Saturday, April 30, 2005

Antichrist: Focus on the Family

Antichrist! Don't look at me! This is not one of my eye-catching titles--this is what Colorado Senator Ken Salazar declared!
Not too 'PC' is it?
This is what happens when we send mature men to represent us in the US Congress; they are to stand tall and speak to the issues of the day. Way to go Salazar--show 'em the stuff your made of! (tongue firmly planted in cheek).

On the other hand, the freedom of speech has moved from "hate speech" (why is no one throwing the book at this Democratic Senator?) to "love speech". A local Middle School teacher (as reported this Friday night on 9news) was under fire for changing the pledge of allegiance in his class from "under God" to "under your own private belief-system" (or some such language). He was under fire from the school, but some of the students decided to defend them (isn't that special--teach anti-God politics when they're young!).

What do these two events have in common? They both display the further balkanization and collapse of American Culture. From a theological and philosophical viewpoint, any given culture by definition cannot stay viable if differences become greater than the commonality that is the 'glue' of culture. The radical political view on the left and the conservative religious views of Protestantism are incompatible. Both are fermenting in the "American Experiment". This melting pot will boil over.

The commonality of these two speech events is further expressed in the idea of unacceptable language. One wishes to drag Christians into the mud of unspeakable evil while the other wishes to collapse all religious distinctions and marginalize Christianity in the process. In either case, the traditional (in both Classical Protestantism and Modernism) idea that the limits of free speech express the cultural limits of truth and falsehood are being twisted into a new mold of postmodernism. There is no truth; truth is a "social construct"; thus, truth is reduced to power.
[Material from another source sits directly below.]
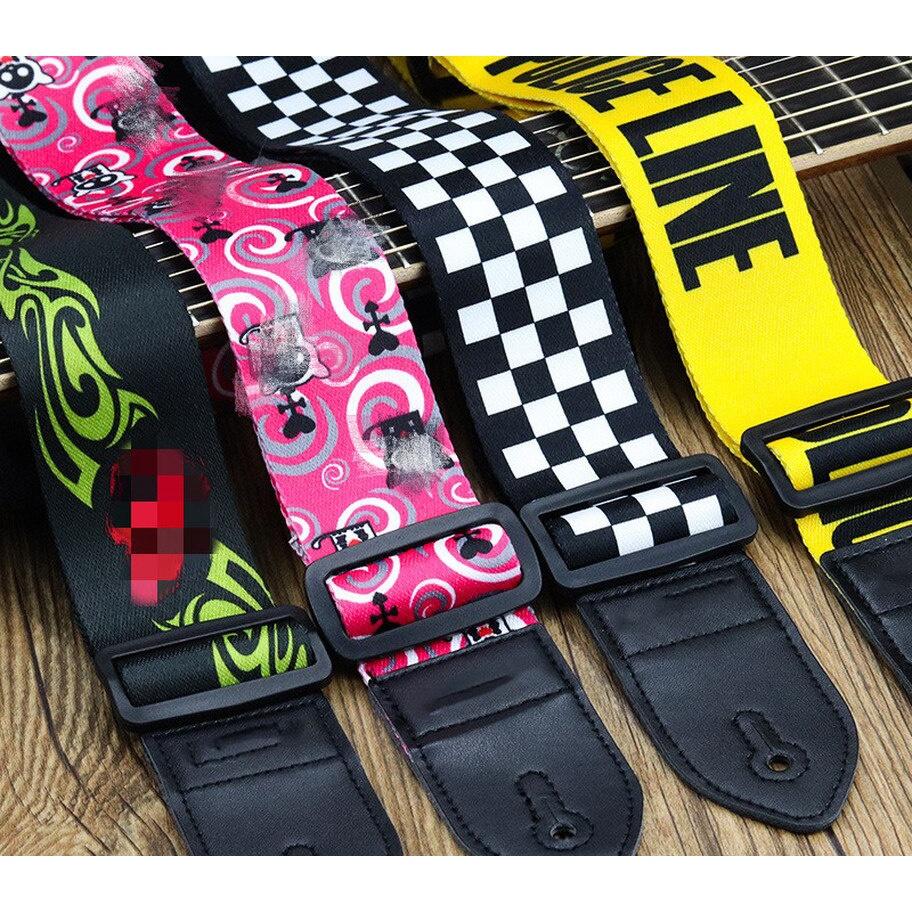 Adjustable Nylon Straps Nylon Guitar Strap for Acoustic Electric Guitar and Bass Multi-Color Guitar Belt Guitar Part Accessories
And power is best expressed in the greatest and furthest expression it can accomplish: in the machinery of the public government: politics.

Truth becomes political.
It is a tool.

And Salazar used it to attack his "enemies"--he "apologized" (or rather "regretted" the use of the word), of course, but with a wink and nod he has fed more ire and anger to those who actually believe these setiments (just tune into Sean Hennity to hear some of 'em!).
The school teacher used it to attack his "enemies" as well--by marginalizing Christianity in the "marketplace of ideas" and indoctrinating (as all teachers must--for good or ill) his students to think in these terms.

If there is no absolute truth or that truth is unknowable to man (a philosophical impossibility--but that's another story!), then free-speech means the ability to describe reality in any way desired.

And the pope is not catholic.

And not the antichrist...but Focus on the Family is, if you believe Salazar.